Britney Spears And The Greatest Music Comebacks Of All Time

As recently as a year ago, most people expected Britney Spears to ultimately wind up the target of a massive, overly televised police car chase that would end with her driving her SUV off some overpass, Thelma & Louise style.

Or at least something equally dramatic.

The quickie marriage and annulment, the second quickie marriage and subsequent divorce, the child custody high jinks, the crotch shots, the other crotch shots, the shaved head—she was suffering, we now know, a literal mental breakdown on camera.

Today, this all seems like a bad memory, thanks to the intervention of Daddy Spears. And now Britney the Pop Princess has returned from worse than death—kinda like Christ and Spock! To commemorate her impressive feat, we take a look back at some of the other greatest career resurrections in music history...

Elvis Presley, 1968

After years of steady career decline, Presley returned to the limelight with a hit television special referred to today as the '68 Comeback Special. This is because, without it, Presley would've died as the punch line to a bad joke. Instead, he OD'd on a toilet and will be hailed in perpetuity as the King of Rock 'n' Roll.

Johnny Cash, 1994

By the '90s, Cash's hard living had cost him a viable career.
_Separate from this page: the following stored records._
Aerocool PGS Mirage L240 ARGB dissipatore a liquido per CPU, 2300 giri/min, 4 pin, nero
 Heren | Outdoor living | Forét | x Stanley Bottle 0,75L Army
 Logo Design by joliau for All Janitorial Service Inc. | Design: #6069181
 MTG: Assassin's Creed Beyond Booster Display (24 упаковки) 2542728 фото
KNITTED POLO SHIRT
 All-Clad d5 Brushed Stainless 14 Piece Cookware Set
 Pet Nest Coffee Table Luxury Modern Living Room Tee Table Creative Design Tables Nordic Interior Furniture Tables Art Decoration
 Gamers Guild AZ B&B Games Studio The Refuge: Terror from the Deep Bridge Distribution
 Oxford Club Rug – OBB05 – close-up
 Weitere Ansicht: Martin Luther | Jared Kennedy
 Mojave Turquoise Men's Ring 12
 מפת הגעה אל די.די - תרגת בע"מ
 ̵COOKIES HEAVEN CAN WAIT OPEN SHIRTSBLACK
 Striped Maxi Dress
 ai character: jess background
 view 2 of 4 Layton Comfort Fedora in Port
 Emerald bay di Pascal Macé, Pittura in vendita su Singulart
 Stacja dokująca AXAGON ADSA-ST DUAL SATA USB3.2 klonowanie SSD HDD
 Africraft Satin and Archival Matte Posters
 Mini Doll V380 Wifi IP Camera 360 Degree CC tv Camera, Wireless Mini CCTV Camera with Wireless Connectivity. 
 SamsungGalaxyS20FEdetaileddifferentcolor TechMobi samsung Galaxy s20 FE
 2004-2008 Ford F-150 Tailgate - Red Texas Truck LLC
Then along came producing legend Rick Rubin, who helped him record a bare-bones collection of originals and, more fascinating, covers of songs by the likes of Danzig and Leonard Cohen. Cash won the Grammy for Best Contemporary Folk Album, saw his celebrity return and even had a biopic, Walk the Line, made about his life.

Tina Turner, 1984

After divorcing violent hubby Ike Turner in the '70s, Turner struggled to return to her former success as a rock star. That is, until 1984 when "What's Love Got to Do With It" was dropped on radio stations that had long ago dismissed her. The song skyrocketed to the top slot on the Billboard Hot 100, giving the 44-year-old singer her first No. 1 single and, to date, her biggest hit.

AC/DC, 1985

AC/DC had released six studio albums when lead singer Bon Scott died of, let's say, complications from a night of heavy drinking. Fans fully expected the remaining members of the band to throw in the towel, but five months later they returned to the studio with a new lead singer, Brian Johnson, and recorded Back in Black—believed by some number-crunchers to be the second-best-selling album of all time, with a staggering 42 million copies sold.

Meat Loaf, 1993

Released in 1977, Meat Loaf's Bat Out of Hell sold almost 40 million copies. Then came the obligatory drug addiction. And then the man who was born in Dallas as Marvin Lee Aday lost his voice while recording a follow-up. His later albums disappointed even more profoundly. But nobody could've expected the guy would return to his former glory when, in 1993, he released Bat Out of Hell II: Back Into Hell, which sold more than 15 million copies and scored him the Best Rock Vocal Performance Grammy the following year.

 
  • Dermot 07/20/2009 9:45:00 PM

    You're way off on the AC/DC Date. Back in Black came out when I was in High School. By 1985 I was nearly out of college.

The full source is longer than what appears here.